ASSIGNMENT:
Search the data below for lines that include the word "Harley" and state how many there are, nothing else.

DATA FOR PROCESSING:
※ ※ ※

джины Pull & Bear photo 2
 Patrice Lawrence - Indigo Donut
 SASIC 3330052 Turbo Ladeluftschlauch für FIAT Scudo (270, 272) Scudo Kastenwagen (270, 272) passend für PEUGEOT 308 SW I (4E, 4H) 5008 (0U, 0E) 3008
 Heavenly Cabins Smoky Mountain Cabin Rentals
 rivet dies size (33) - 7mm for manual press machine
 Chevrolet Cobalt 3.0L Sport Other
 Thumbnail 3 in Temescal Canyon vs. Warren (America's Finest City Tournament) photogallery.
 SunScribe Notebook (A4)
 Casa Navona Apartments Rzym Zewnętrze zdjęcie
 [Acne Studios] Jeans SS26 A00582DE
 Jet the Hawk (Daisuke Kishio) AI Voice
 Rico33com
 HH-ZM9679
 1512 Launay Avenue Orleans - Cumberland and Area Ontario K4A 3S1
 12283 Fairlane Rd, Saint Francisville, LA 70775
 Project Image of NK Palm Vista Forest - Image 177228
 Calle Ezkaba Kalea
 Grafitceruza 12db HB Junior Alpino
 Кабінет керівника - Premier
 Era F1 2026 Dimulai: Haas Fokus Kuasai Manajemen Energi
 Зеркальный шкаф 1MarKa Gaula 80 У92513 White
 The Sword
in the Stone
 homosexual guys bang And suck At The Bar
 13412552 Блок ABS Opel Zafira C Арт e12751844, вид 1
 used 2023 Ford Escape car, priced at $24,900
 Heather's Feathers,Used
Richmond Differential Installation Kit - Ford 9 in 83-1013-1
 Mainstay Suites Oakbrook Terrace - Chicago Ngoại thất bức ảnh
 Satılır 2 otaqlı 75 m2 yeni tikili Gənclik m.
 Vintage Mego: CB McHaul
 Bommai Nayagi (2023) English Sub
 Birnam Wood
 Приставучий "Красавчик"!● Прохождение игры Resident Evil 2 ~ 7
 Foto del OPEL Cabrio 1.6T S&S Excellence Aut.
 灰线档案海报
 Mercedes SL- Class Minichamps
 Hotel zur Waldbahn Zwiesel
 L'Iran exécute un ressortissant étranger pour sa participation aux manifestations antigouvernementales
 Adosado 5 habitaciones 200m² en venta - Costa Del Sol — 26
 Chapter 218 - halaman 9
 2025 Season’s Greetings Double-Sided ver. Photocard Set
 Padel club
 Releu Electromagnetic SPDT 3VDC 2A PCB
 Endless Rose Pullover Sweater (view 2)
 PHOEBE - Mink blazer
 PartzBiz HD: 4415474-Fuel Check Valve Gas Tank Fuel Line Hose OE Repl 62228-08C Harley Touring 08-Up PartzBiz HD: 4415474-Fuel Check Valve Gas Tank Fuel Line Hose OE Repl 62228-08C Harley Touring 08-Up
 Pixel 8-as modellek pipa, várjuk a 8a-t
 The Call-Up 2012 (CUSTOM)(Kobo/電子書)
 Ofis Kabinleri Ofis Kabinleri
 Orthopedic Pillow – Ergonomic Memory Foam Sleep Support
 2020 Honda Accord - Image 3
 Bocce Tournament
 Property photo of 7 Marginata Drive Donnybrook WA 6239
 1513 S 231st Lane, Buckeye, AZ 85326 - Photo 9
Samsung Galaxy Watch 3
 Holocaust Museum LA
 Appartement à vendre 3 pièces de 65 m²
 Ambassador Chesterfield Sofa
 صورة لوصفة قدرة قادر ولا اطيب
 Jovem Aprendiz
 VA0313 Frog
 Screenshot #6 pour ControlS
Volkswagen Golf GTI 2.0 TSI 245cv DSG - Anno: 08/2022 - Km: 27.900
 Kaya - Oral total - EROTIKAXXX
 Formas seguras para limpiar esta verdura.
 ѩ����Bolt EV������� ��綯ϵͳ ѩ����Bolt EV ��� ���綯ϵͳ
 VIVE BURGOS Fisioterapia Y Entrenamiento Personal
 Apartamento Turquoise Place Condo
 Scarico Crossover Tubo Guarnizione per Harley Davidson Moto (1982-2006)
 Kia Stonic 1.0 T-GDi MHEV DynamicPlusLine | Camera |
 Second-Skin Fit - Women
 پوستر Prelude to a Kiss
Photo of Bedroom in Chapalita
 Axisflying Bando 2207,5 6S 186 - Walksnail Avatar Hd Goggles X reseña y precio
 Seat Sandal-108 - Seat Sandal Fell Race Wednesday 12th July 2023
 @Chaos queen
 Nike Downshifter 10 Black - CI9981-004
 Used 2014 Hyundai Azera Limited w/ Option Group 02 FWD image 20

※ ※ ※

SOLUTION TO THIS PROBLEM:
2